Kalla berujar, kalaupun ada, perda itu sudah sampai ke pemerintah pusat. Namun, sampai saat ini, pemerintah tidak pernah mendapat beleid yang diinisiasi Presiden Gereka Injili di Indonesia (GIDI) tersebut.
"Perda itu prosesnya dari kabupaten ke Gubernur, kemudian disahkan oleh pemerintah pusat lewat Mendagri. Kalau tidak disahkan, ya tidak berlaku," tuturnya. "Ya buktinya kan di sana ada masjid, musala. Artinya, perda itu tak pernah ada."
Sebelumnya, Direktur Jenderal Politik dan Pemerintahan Umum Kementerian Dalam Negeri Soedarmo mengatakan ada peraturan daerah yang mengatur larangan pembangunan rumah ibadah di Tolikara. Peraturan itu telah disetujui Bupati Usman Wanimbo dan Dewan Perwakilan Rakyat Daerah Tolikara. Namun perda tersebut tak pernah sampai ke pemerintah pusat.

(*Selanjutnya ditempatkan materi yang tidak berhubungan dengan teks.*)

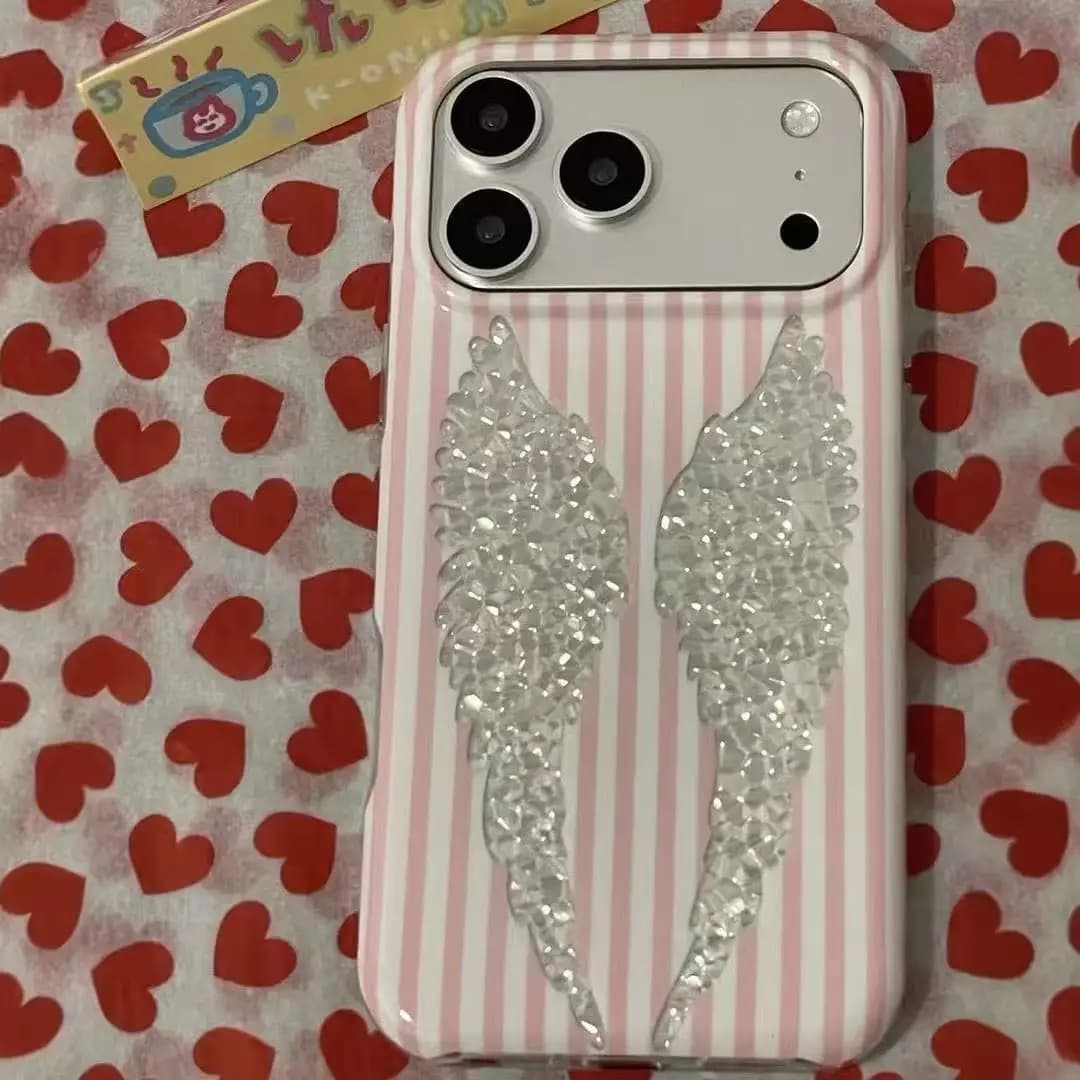 Korean Ins Pink White Striped Wings Shining Phone Case For iPhone Ultra 18 17 AIR 16 15 14 13 12 11 Pro 16Plus Mini Y2K Cover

Perda tersebut dijadikan dasar hukum bagi GIDI untuk menerbitkan surat edaran pada 11 Juli 2015. Surat edaran tersebut melarang pelaksanaan ibadah salat Idul Fitri di Tolikara dan umat Islam menggunakan jilbab. Surat ini diduga menjadi penyebab kericuhan di Tolikara saat hari raya Idul Fitri lalu.
Penyerangan yang terjadi bertepatan dengan Idul Fitri itu berawal dari protes jemaat Gidi terhadap penyelenggaraan salat id di lapangan Markas Komando Rayon Militer, Distrik Karubaga, Tolikara. Lapangan tersebut berdekatan dengan permukiman warga, kios, Masjid Baitul Muttaqin, dan gereja. Saat itu jemaat Gidi--jemaat Kristen mayoritas di Tolikara--tengah menyelenggarakan kebaktian kebangunan rohani.
Kalla mengatakan, untuk meminimalkan adanya perda ilegal seperti di Tolikara itu, dia memerintahkan Kementerian Dalam Negeri mengecek semua perda di setiap daerah. "Kalau tidak sesuai dengan NKRI, ya harus dicabut," ujarnya.